I don’t feel fear for me. Those microscopic naval mines will come bobbing by if they will. And if one bumps my bows then I’ll brace myself for the muffled boom and hope that the damage stays above the waterline. Much more concerned for family members. They have asthma – not severely, but the ash trees are self-germinating now and they’re promiscuous with their pollen.

So not afraid for myself, just sad, terribly sad. Bereft, I guess – so sudden a loss. The Tuesday before last I was at Steve and Jo’s for our weekly music session. I had a bassline to put on a song of Gemma’s after which we played through Steve’s and my two latest songs. Then there was to be next week at mine and the following at Steve’s and so on into our mutual indefinite futures. Now Steve and Jo are in voluntary seclusion through the months ahead and the shared music that has for each one of us served our souls in troubled times must await the silent, invisible movement of this toxic global cloud.

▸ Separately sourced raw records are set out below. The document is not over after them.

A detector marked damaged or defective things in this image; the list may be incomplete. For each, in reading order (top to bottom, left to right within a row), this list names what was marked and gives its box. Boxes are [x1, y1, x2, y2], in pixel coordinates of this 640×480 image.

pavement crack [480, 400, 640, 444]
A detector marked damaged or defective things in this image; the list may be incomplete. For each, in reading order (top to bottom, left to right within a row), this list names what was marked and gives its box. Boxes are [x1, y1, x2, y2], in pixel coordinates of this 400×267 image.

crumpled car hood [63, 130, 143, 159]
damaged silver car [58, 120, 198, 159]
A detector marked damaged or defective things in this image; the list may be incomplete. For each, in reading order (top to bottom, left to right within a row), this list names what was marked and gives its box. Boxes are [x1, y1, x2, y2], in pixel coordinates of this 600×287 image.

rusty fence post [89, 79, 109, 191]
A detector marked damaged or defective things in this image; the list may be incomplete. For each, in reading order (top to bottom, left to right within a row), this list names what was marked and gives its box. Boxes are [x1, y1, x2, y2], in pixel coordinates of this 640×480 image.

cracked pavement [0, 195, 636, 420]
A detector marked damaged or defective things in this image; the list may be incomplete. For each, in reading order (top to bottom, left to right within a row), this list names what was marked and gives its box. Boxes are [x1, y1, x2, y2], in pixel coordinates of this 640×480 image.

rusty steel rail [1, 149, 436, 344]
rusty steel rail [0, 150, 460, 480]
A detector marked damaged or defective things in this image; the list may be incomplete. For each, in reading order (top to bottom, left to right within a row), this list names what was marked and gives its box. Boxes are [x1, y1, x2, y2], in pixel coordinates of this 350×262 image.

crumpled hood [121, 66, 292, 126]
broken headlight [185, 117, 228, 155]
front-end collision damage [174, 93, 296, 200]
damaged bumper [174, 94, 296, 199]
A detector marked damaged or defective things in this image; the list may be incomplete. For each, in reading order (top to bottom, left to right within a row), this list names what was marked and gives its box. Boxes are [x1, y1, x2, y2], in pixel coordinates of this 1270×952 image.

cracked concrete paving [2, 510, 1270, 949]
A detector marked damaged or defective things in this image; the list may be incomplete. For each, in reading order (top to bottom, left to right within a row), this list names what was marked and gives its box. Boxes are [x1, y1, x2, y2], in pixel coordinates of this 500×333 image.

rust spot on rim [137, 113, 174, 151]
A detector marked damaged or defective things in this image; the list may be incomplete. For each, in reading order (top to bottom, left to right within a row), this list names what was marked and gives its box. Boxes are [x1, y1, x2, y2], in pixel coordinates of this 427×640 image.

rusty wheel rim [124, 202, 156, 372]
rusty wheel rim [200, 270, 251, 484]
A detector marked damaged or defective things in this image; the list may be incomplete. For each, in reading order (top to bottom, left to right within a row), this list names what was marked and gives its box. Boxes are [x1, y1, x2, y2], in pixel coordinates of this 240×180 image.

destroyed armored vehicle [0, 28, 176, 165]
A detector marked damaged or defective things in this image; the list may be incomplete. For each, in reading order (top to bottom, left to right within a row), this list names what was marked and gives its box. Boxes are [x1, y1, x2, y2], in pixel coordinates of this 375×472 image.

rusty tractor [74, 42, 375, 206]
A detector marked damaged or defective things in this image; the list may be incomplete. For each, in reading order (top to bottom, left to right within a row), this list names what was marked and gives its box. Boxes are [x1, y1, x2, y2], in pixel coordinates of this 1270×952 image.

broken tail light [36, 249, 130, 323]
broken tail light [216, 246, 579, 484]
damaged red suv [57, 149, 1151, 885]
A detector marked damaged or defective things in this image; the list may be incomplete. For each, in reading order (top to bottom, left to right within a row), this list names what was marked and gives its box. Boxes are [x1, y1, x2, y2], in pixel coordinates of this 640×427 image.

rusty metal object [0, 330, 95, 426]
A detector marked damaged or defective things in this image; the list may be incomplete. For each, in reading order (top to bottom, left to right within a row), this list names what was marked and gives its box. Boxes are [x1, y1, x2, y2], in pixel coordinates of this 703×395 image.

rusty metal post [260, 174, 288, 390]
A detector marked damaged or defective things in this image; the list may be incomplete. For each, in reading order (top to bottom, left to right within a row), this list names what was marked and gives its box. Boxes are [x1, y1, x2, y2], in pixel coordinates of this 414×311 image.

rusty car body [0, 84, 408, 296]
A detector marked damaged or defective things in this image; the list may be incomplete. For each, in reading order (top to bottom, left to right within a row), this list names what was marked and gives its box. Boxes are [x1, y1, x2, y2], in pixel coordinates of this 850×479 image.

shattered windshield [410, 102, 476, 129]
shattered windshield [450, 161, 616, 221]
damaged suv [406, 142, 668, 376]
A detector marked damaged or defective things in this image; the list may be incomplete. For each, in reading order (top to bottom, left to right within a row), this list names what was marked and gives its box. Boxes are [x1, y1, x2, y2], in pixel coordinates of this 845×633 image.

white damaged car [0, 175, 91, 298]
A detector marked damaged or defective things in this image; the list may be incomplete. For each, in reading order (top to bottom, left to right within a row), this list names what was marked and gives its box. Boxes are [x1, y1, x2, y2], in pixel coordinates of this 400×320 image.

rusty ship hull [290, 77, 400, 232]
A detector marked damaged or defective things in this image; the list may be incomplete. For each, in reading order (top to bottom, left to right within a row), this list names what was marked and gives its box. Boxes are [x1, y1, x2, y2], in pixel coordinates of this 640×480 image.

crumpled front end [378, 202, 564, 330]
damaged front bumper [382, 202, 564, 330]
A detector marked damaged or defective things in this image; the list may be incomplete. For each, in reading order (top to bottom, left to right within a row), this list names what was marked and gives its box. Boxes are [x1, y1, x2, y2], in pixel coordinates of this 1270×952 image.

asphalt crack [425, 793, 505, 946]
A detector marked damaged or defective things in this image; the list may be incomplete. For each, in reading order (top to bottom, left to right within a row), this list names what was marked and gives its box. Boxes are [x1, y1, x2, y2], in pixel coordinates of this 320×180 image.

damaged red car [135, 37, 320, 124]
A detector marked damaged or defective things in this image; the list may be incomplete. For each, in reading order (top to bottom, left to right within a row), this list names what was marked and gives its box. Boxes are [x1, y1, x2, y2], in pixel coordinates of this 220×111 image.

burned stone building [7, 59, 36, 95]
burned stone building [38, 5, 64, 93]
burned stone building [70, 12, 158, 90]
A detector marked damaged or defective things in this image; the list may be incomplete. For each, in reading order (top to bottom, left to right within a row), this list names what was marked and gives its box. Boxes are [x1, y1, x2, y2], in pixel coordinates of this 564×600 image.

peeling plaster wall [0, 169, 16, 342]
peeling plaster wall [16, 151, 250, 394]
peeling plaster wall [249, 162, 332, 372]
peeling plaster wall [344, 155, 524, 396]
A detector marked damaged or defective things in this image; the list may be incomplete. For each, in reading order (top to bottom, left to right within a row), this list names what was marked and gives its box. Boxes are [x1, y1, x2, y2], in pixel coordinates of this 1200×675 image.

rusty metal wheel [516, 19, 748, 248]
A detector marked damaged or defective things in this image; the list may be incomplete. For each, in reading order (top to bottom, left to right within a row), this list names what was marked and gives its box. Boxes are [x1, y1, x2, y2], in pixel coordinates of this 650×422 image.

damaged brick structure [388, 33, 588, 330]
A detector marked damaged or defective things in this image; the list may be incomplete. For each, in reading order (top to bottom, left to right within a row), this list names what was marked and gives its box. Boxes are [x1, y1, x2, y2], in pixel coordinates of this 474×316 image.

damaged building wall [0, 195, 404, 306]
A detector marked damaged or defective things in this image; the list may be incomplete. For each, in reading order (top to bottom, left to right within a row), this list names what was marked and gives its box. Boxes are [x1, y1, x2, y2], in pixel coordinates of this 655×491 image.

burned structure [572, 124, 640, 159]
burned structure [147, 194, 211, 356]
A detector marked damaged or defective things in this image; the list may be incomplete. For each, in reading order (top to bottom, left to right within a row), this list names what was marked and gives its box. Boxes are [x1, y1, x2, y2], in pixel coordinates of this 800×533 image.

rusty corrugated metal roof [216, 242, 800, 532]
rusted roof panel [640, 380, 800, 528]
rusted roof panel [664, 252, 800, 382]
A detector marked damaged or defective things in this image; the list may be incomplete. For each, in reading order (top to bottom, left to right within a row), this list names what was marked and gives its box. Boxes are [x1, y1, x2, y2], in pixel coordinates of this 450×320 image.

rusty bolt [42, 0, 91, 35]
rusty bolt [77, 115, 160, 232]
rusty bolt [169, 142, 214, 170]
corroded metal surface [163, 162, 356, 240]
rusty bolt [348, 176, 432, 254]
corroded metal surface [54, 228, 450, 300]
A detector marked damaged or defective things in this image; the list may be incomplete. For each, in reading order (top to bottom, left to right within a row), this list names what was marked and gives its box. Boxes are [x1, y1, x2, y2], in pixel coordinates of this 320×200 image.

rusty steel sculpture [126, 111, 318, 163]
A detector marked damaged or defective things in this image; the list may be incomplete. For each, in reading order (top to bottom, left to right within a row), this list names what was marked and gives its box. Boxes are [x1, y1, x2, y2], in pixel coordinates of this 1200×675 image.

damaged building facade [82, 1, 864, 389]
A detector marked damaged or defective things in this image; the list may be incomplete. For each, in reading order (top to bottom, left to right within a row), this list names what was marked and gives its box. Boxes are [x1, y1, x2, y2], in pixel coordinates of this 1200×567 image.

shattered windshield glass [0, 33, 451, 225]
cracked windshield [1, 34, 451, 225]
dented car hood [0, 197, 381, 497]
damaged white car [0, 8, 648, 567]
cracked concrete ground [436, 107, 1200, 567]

That’s my immediate sorrow. In the world at large there’s ‘a drawing down of blinds’ as everything that has animated our quotidian lives for generations ceases, bringing about a huge empty, uncomprehending vacancy. From those hastening up and down the corridors of power to the puzzled soul standing alone in a once busy street, no one knows what must happen next. The Four Estates are dumbfounded. All about us the signal-to-noise ratio loses out to mere babble. A rumpled, baffled PM mangles his silver spoon vowels, turning with ill-concealed relief to one of the two skeletal science supremoes who flank him on either side. I watch the mouths flapping and think of Yeats: The best lack all conviction, while the worst / Are full of passionate intensity.

I sleep fitfully, wondering in my momentary half-consciousness what it is that’s shifting out there in the darkness. And in the morning I know.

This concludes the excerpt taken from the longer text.